During the war, New York City, although it was the principal port through which troops and material reached our allies in Europe, remained remarkably unscathed. Prowling U-boats not far from the mainland were busy torpedoing allied shipping, but in terms of property damage in the city it was not related to the war. By far the biggest property casualty during that time was the fire on the Normandie, the great superliner of France, which toppled in its berth and became a fixture in the city until it was hauled away.
For me, who was a teenager during the war, Goldstein’s book prompted deep feelings of nostalgia. As a Boy Scout in Brooklyn our troop’s Drum and Bugle Corps was present at untold unveilings of plaques in countless neighborhoods expressing collective pride in the fact that their sons and some daughters were serving in the Armed Forces. At the beginning of the war, most of the stars signifying service were blue. Later on as the death toll began to mount many of the stars were changed to gold, signifying killed in action.

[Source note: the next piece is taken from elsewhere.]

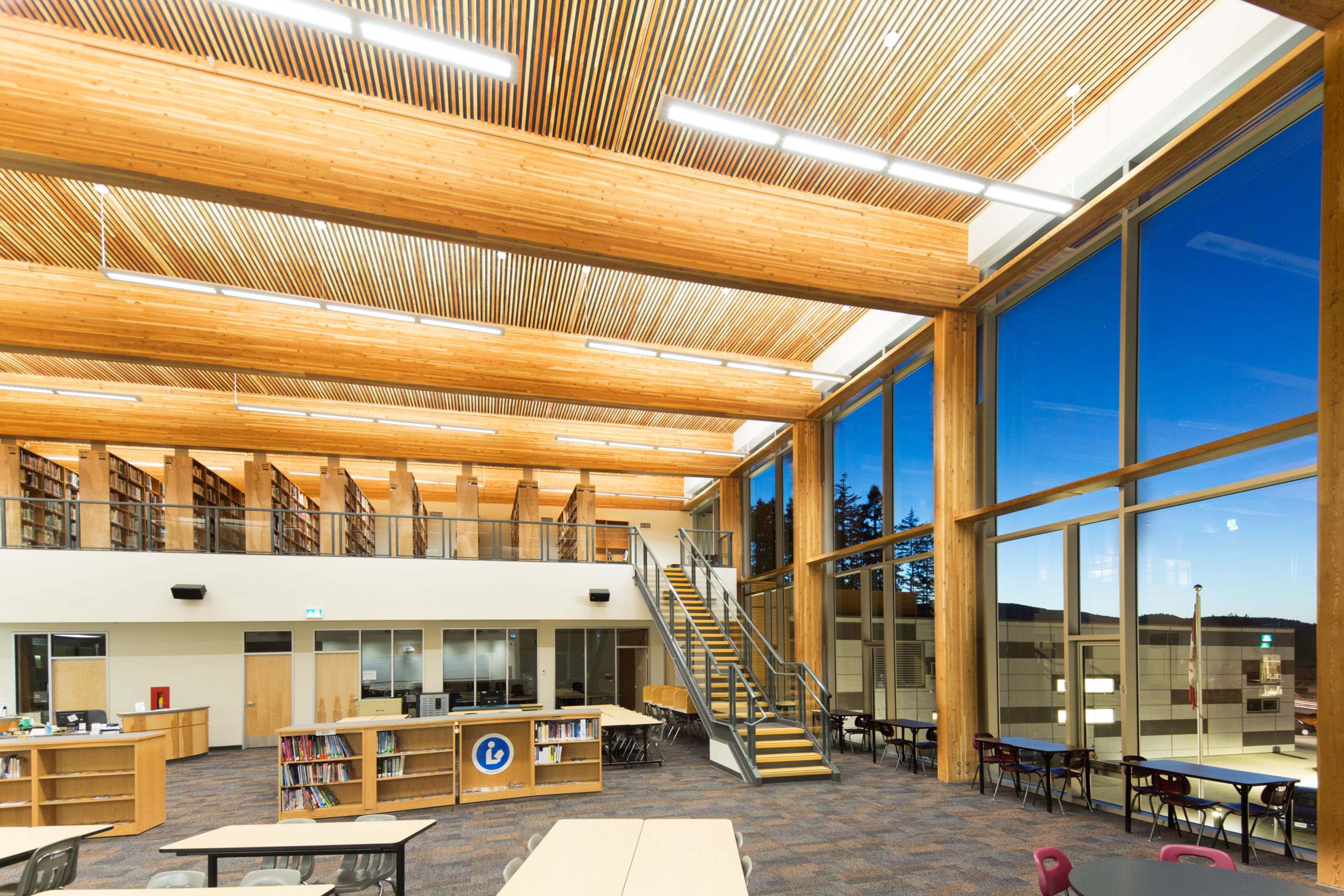 Wood book cases, desktops, staircase and hybrid ceiling construction feature prominently in this interior view of the Belmont Secondary School library.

We collected tinfoil and newspapers and were enormously disciplined at keeping the blackouts and everyone I know was eagerly fired up with patriotic enthusiasm which Goldstein’s book vividly describes. Remarkably though, life went on as usual and while we all knew there was danger out there somewhere, we did not feel it viscerally for ourselves. Indeed, there was a special kind of reverence for the boys in uniform who appeared with increasing visibility on the streets of the city.

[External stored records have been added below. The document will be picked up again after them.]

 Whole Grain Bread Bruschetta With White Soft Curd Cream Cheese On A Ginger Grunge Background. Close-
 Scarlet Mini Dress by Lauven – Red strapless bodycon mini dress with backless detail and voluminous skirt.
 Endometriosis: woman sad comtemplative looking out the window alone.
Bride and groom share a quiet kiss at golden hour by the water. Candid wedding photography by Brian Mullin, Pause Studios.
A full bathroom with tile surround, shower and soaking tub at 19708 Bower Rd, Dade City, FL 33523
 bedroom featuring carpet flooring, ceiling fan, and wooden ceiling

Although it is clear throughout the book that New Yorkers felt deep loyalty and compassion for our troops fighting and dying in Europe and the Pacific, Goldstein is careful to keep his narrative upbeat although underlying his text is the clear implication that many New Yorkers had sent their loved ones to the killing fields of Europe and the Pacific and those who returned early were badly wounded and soon many events were filled with young men in wheelchairs and stories of grieving parents.
Those years of patriotic fervor described by Goldstein continues to linger in my psyche to this day. I always shudder with pride and, quite often, produce tears when I remember marching in the Victory Parade down Fifth Avenue as a Boy Scout bugler and can still here the echo of loud cheers by onlookers when they saw our uniformed soldiers march by proudly following in lock step behind the colors.

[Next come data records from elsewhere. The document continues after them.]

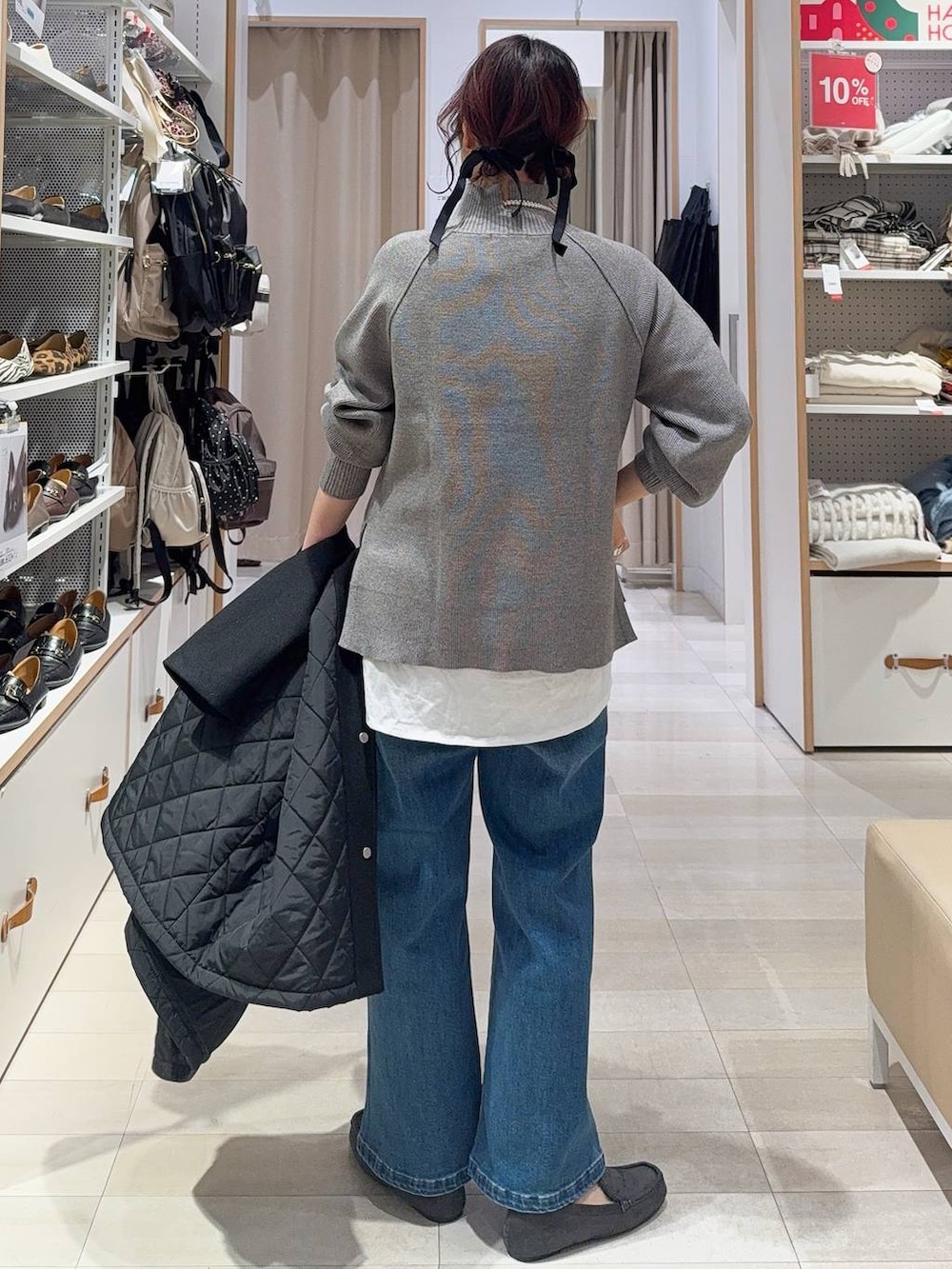 グリーン系のショルダーバッグ、ブラック系のステンカラーコート、ホワイト系のTシャツ/カットソーを着用したレディースの冬コーディネートの7枚目の写真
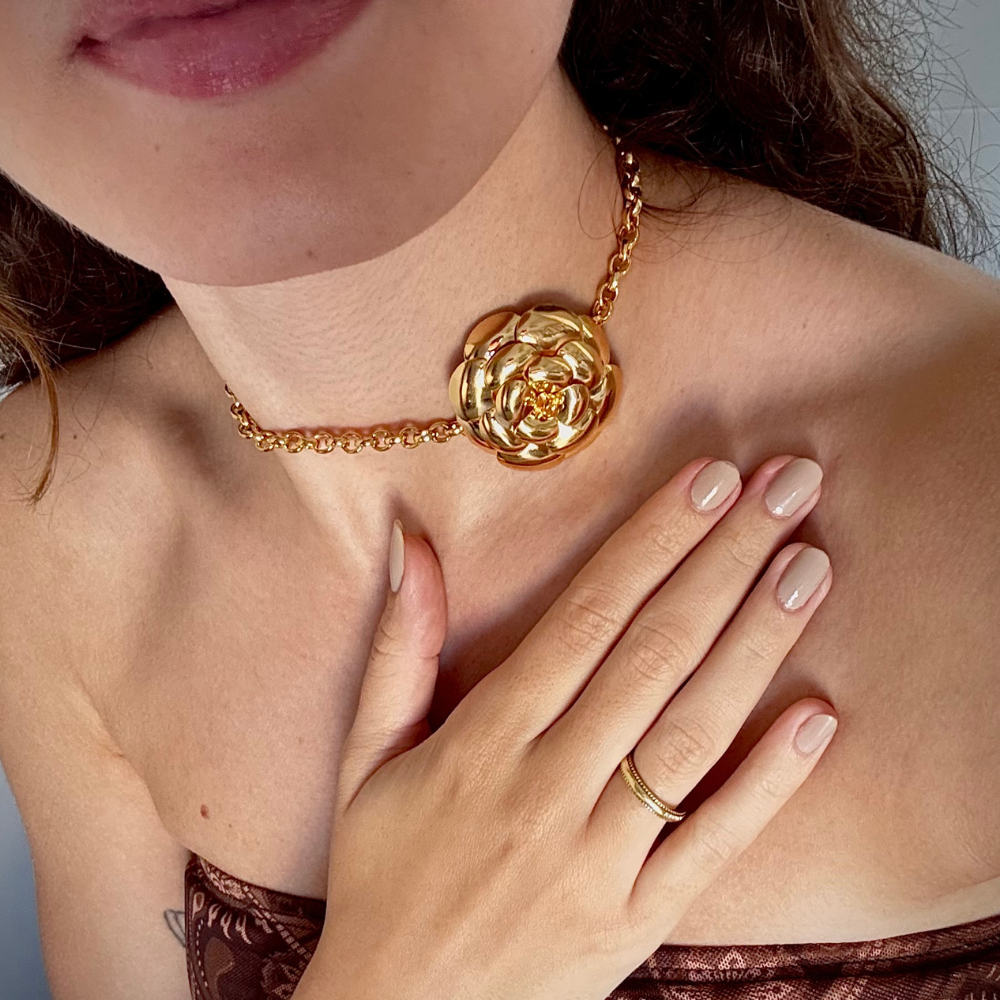 Mulher usando choker flor dourada no pescoço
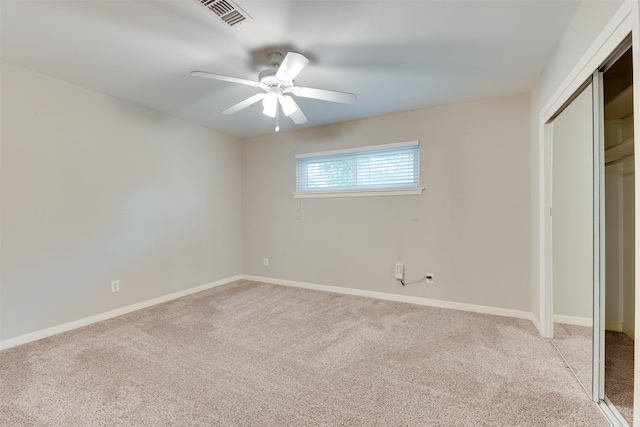 unfurnished bedroom featuring ceiling fan, visible vents, baseboards, a closet, and carpet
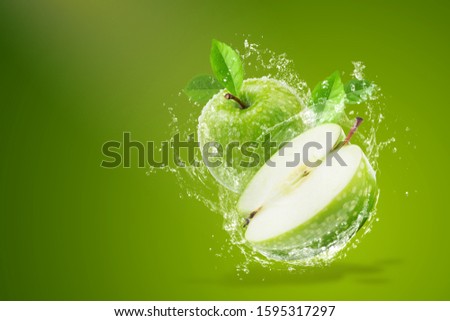 Water splashing on Fresh green apple on Green background.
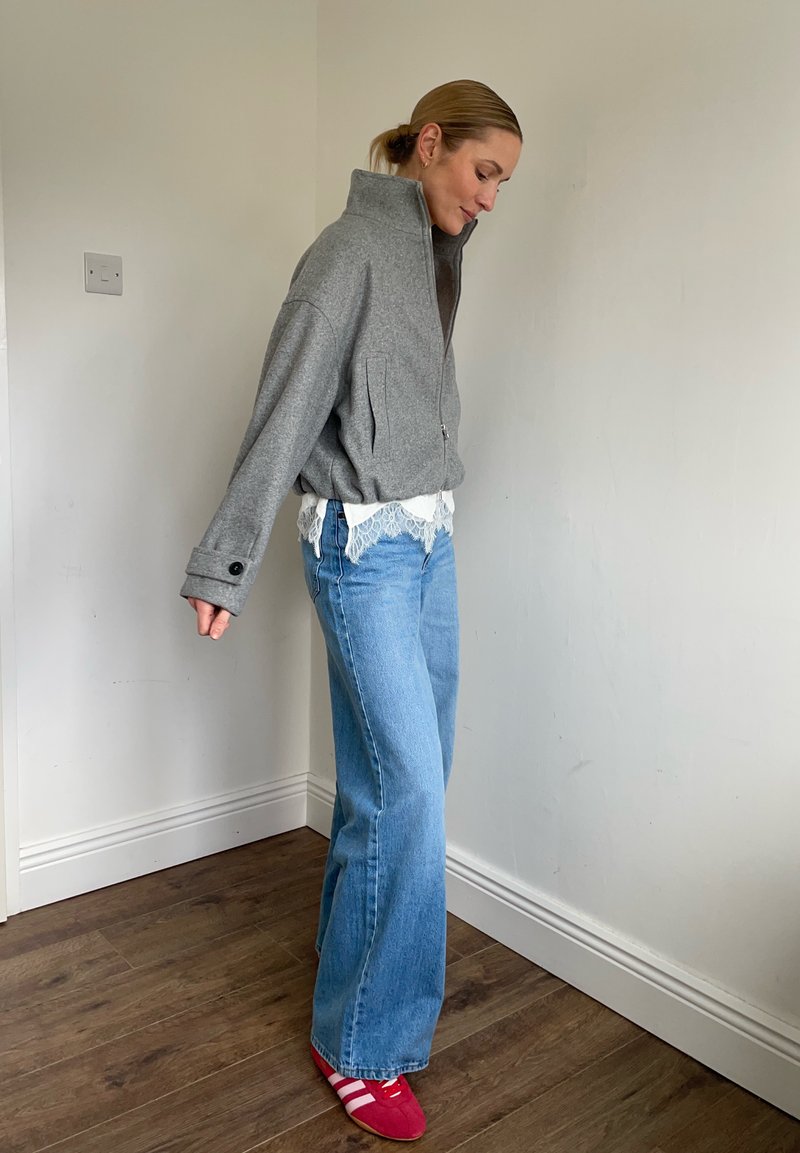 Femme debout à l'intérieur portant une veste grise à fermeture éclair, un haut blanc orné de dentelle, un jean bleu à jambes larges, et des baskets rouges à rayures blanches.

While “Helluva Town” is a fine historical narrative of New York City in wartime nearly seven decades ago, there is something deeply chilling in the comparison I made earlier with the twin towers debacle. It illustrates profoundly that never again are our cities likely to escape destruction and death from the hands of our enemies. Today we are all on the front lines. There are no blackouts or rationing, no stage door canteens, no rousing patriotic songs and, by my observation, no real visceral awareness of impending danger, and worse, an attempt to render our enemy blurred by definition and an apparent indifference to threats by determined foes.
Goldstein reminds of all of the good old days when we had no doubts about who our enemies were. Best of all, he gives us a thousand reasons why New York is the most wonderful exciting glorious big hearted city on the face of the earth.